The majority of present day integrated circuits (ICs) are implemented by using a plurality of interconnected field effect transistors (FETs), also called metal oxide semiconductor field effect transistors (MOSFETs or MOS transistors). An MOS transistor includes a gate electrode as a control electrode that is formed on a semiconductor substrate and spaced-apart source and drain regions formed within the semiconductor substrate and between which a current can flow. A control voltage applied to the gate electrode controls the flow of current through a channel in the semiconductor substrate between the source and drain regions. The ICs are usually formed using both P-channel FETs (PMOS transistors) and N-channel FETs (NMOS transistors) and the IC is then referred to as a complementary MOS or CMOS integrated circuit (IC).
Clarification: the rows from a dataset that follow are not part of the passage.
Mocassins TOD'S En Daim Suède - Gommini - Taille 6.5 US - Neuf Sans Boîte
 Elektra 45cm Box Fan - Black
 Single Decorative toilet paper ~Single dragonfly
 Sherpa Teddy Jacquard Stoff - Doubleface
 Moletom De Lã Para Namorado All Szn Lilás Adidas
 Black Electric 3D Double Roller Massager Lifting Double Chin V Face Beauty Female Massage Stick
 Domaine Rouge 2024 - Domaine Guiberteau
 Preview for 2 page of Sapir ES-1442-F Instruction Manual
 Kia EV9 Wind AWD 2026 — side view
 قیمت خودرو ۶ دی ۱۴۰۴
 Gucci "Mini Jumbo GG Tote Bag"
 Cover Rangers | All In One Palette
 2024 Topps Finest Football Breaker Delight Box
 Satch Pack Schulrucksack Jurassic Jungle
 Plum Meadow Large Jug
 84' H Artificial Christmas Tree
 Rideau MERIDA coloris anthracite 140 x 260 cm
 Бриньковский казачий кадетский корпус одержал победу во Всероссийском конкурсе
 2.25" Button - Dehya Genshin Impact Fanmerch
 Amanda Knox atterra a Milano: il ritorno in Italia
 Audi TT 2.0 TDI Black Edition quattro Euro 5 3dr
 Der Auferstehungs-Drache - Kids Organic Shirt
There is a continuing trend to incorporate more and more circuitry on a single IC chip. To incorporate the increasing amount of circuitry, the size of each individual device in the circuit and the size and spacing between device elements (the feature size) must decrease. The individual elements of the circuits, that is, MOS transistors and other passive and active circuit elements, must be interconnected by metal or other conductors to implement the desired circuit function. Some small resistance is associated with each contact between the conductor and the circuit element. As the feature size decreases, the contact resistance increases and becomes a greater and greater percentage of the total circuit resistance. As feature sizes decrease from 150 nanometer (nm) to 90 nm, then to 45 nm and below the contact resistance becomes more and more important. At feature sizes of 32 nm, the contact resistance likely will dominate chip performance unless some innovation changes the present trend.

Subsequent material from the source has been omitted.